** Opening Raw data block **
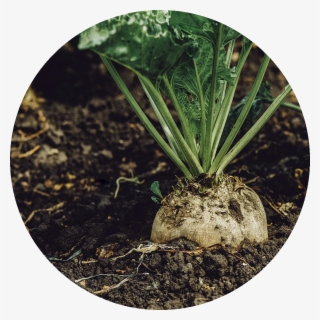 Sugar Beet - Applications Of Microbes In Agriculture Field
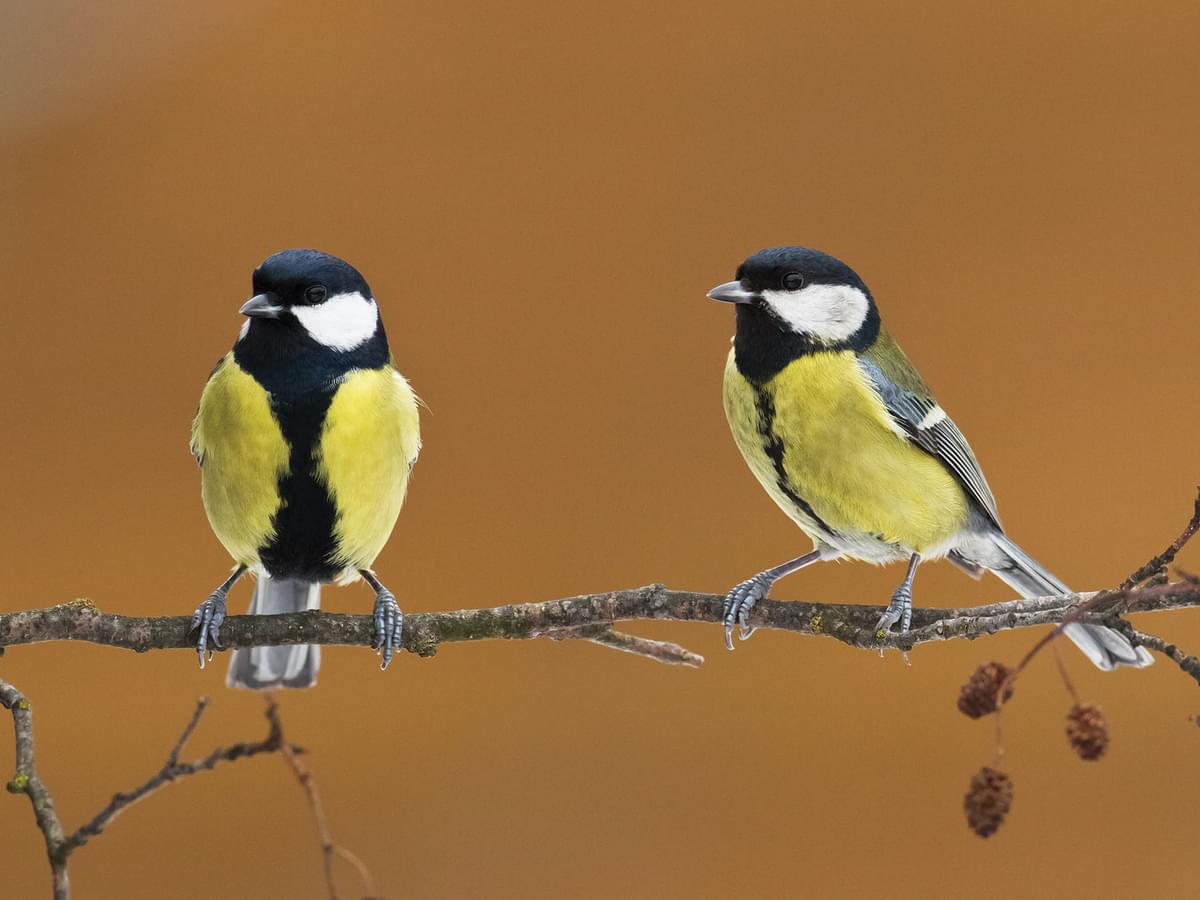 Male left, and female right, Great tits - males have a larger black stripe down the breast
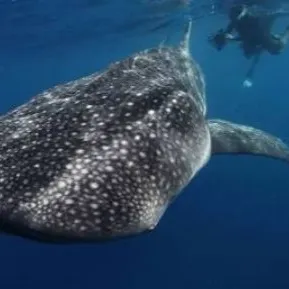 The most recent Whale shark catches on Fishbrain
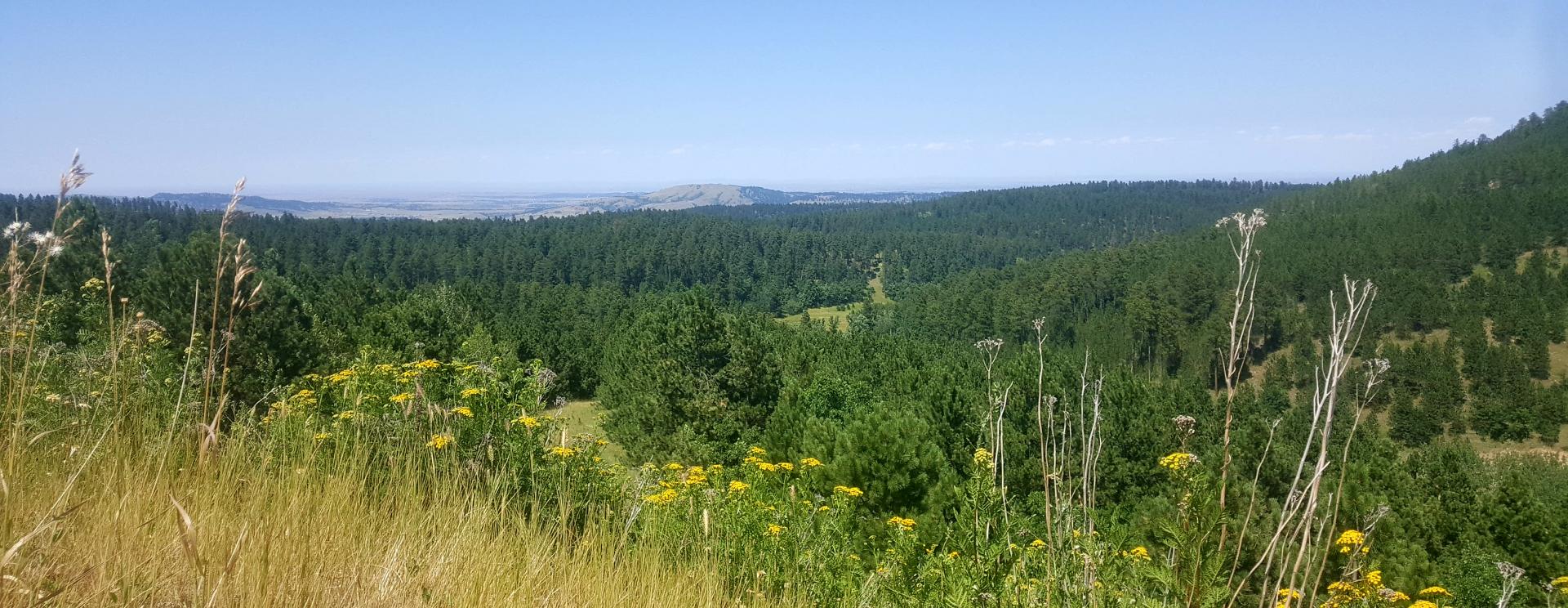 Tatanka Story of the Bison Black Hills & Badlands South Dakota
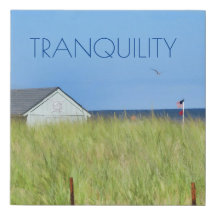 Tranquility Beach Grasses Blue Sky Flag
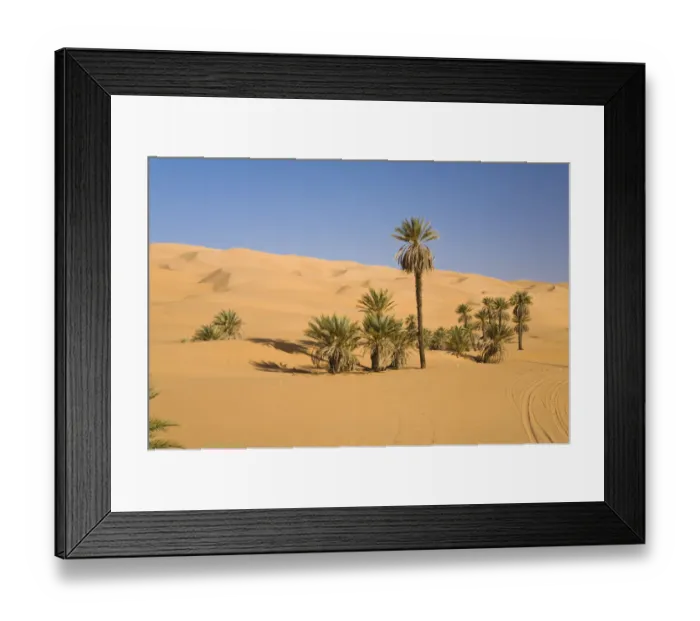 Framed Print : Date Palms (Phoenix spec. ), in the Libyan Desert, Um el Ma Oasis, Libya, Sahara, North Africa, Africa Framed Print : Date Palms (Phoenix spec. ), in the Libyan Desert, Um el Ma Oasis, Libya, Sahara, North Africa, Africa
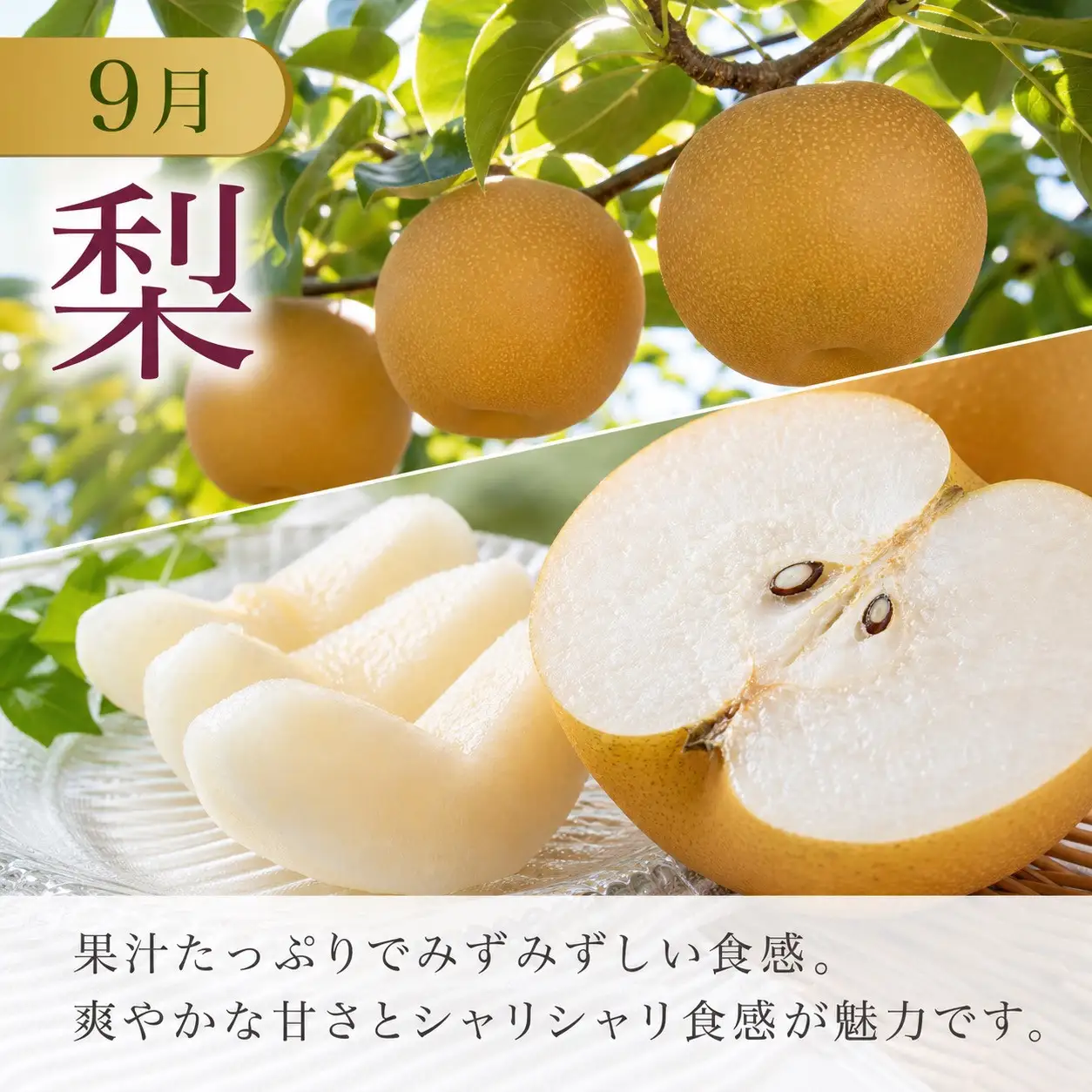 定期便 8・9月発送 紀州有田産旬のフルーツセット（種なし巨峰×2房（約800g〜1kg）・梨×3玉 化粧箱入）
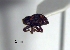  ( - SG-BCISP2822)  @12 [ ] Unspecified (default): All Rights Reserved  Unspecified Unspecified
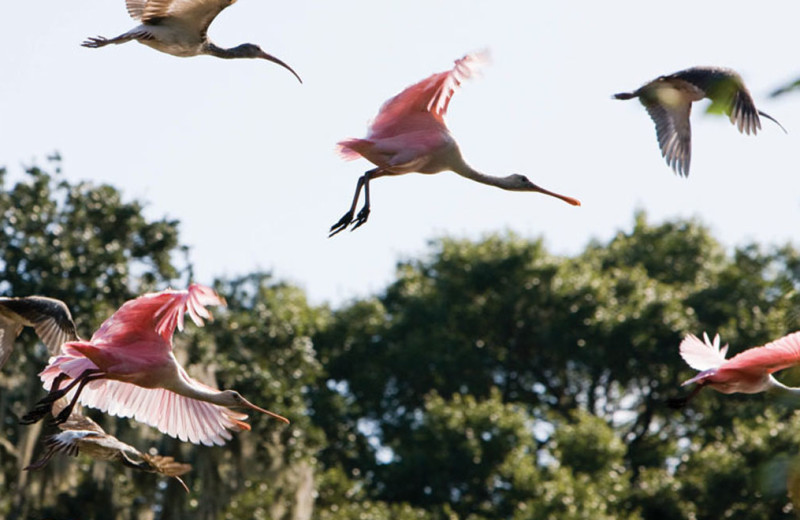 Wildlife at The Villas of Amelia Island Plantation.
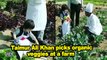 Taimur Ali Khan picks organic veggies at a farm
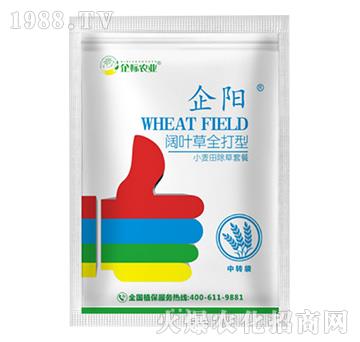 С������~�ݳ����ײ�-���-���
** Closing Raw data block **
Task prompt => Output the lines above verbatim, images excluded.

Result of the exercise =>
 Sugar Beet - Applications Of Microbes In Agriculture Field
 Male left, and female right, Great tits - males have a larger black stripe down the breast
 The most recent Whale shark catches on Fishbrain
 Tatanka Story of the Bison Black Hills & Badlands South Dakota
 Tranquility Beach Grasses Blue Sky Flag
 Framed Print : Date Palms (Phoenix spec. ), in the Libyan Desert, Um el Ma Oasis, Libya, Sahara, North Africa, Africa Framed Print : Date Palms (Phoenix spec. ), in the Libyan Desert, Um el Ma Oasis, Libya, Sahara, North Africa, Africa
 定期便 8・9月発送 紀州有田産旬のフルーツセット（種なし巨峰×2房（約800g〜1kg）・梨×3玉 化粧箱入）
  ( - SG-BCISP2822)  @12 [ ] Unspecified (default): All Rights Reserved  Unspecified Unspecified
 Wildlife at The Villas of Amelia Island Plantation.
 Taimur Ali Khan picks organic veggies at a farm
 С������~�ݳ����ײ�-���-���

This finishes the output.